Records shown below:

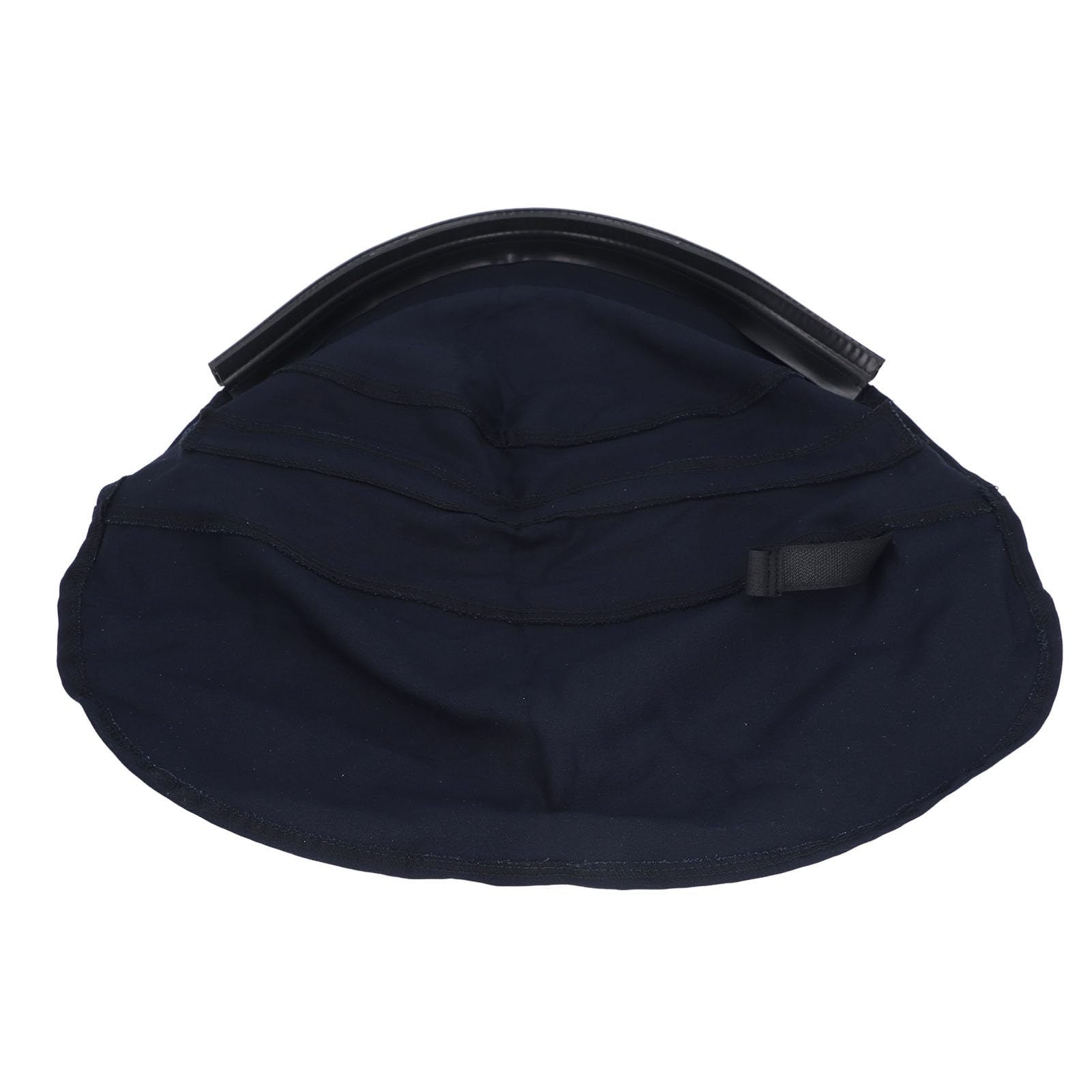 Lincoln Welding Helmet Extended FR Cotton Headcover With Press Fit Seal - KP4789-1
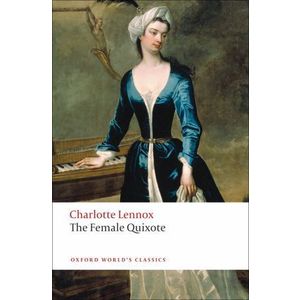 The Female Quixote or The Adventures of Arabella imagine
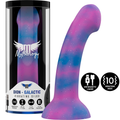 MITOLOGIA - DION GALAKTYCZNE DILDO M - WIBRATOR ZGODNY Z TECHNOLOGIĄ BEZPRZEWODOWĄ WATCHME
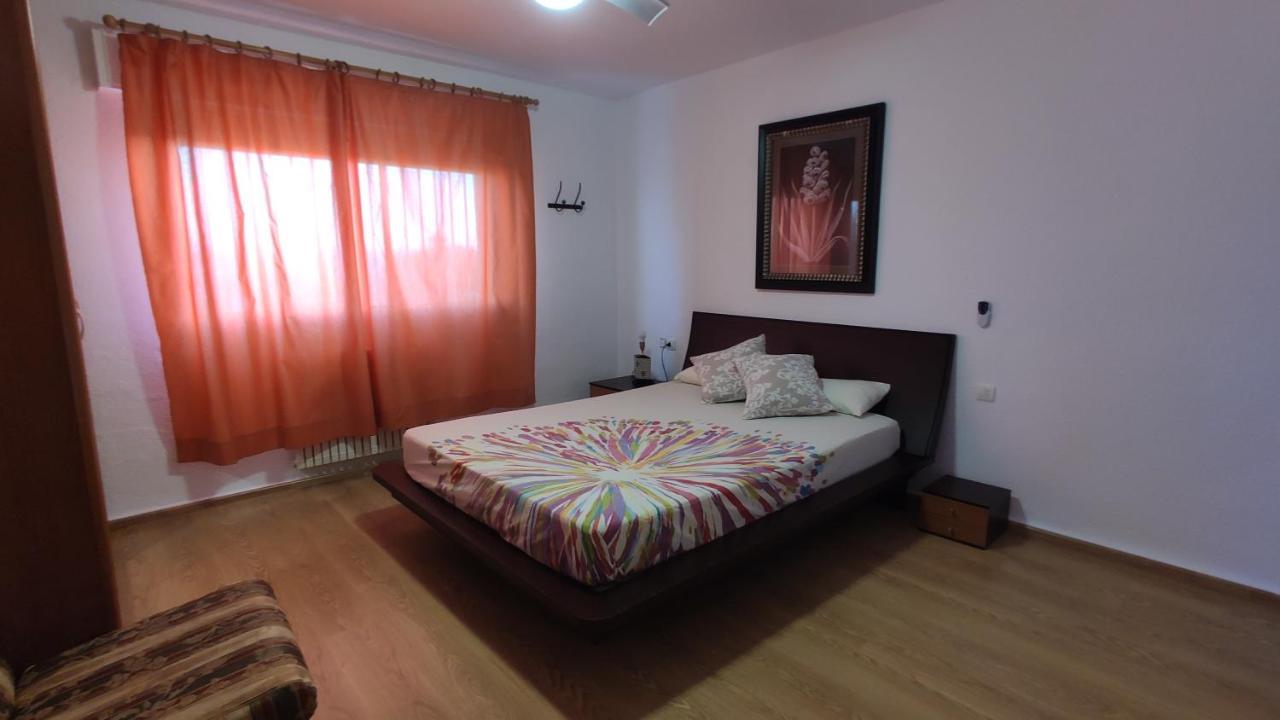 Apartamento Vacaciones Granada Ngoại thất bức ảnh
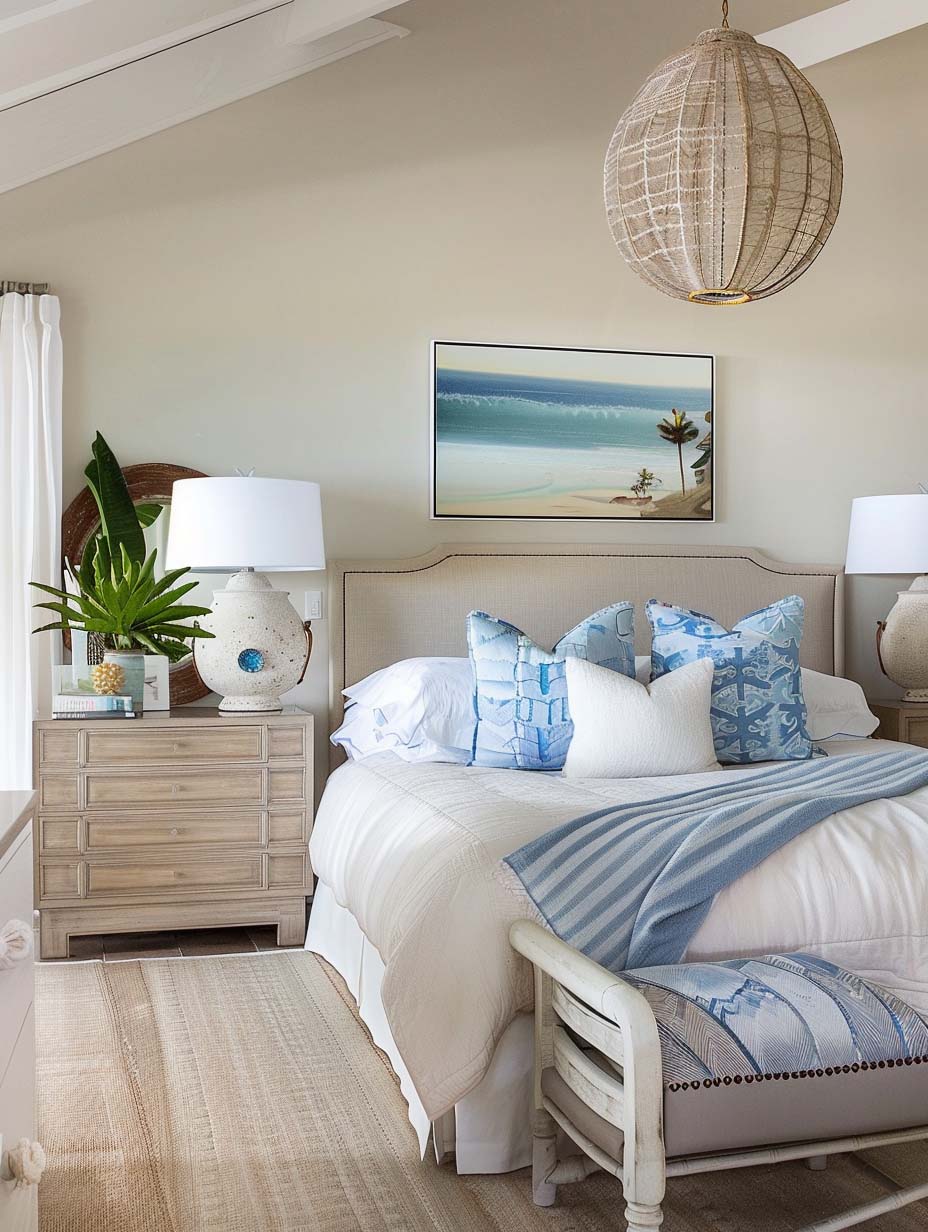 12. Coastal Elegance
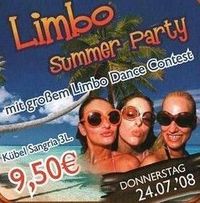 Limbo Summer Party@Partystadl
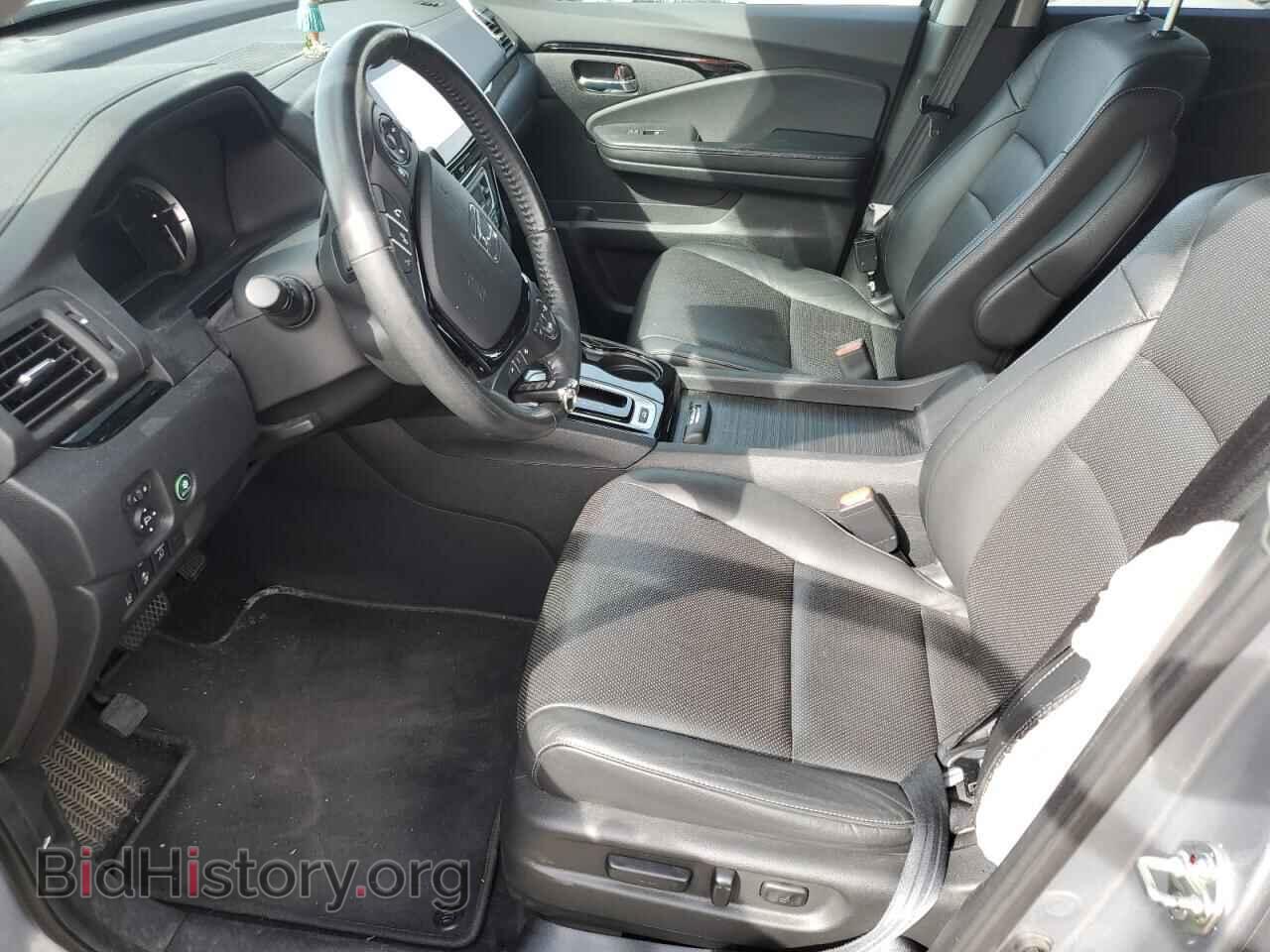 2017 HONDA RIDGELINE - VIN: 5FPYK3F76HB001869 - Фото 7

End of Records shown.

* Work to complete:
Please transcribe every entry above exactly, leaving out any pictures.

* Result of the task:
 Lincoln Welding Helmet Extended FR Cotton Headcover With Press Fit Seal - KP4789-1
 The Female Quixote or The Adventures of Arabella imagine
 MITOLOGIA - DION GALAKTYCZNE DILDO M - WIBRATOR ZGODNY Z TECHNOLOGIĄ BEZPRZEWODOWĄ WATCHME
 Apartamento Vacaciones Granada Ngoại thất bức ảnh
 12. Coastal Elegance
 Limbo Summer Party@Partystadl
 2017 HONDA RIDGELINE - VIN: 5FPYK3F76HB001869 - Фото 7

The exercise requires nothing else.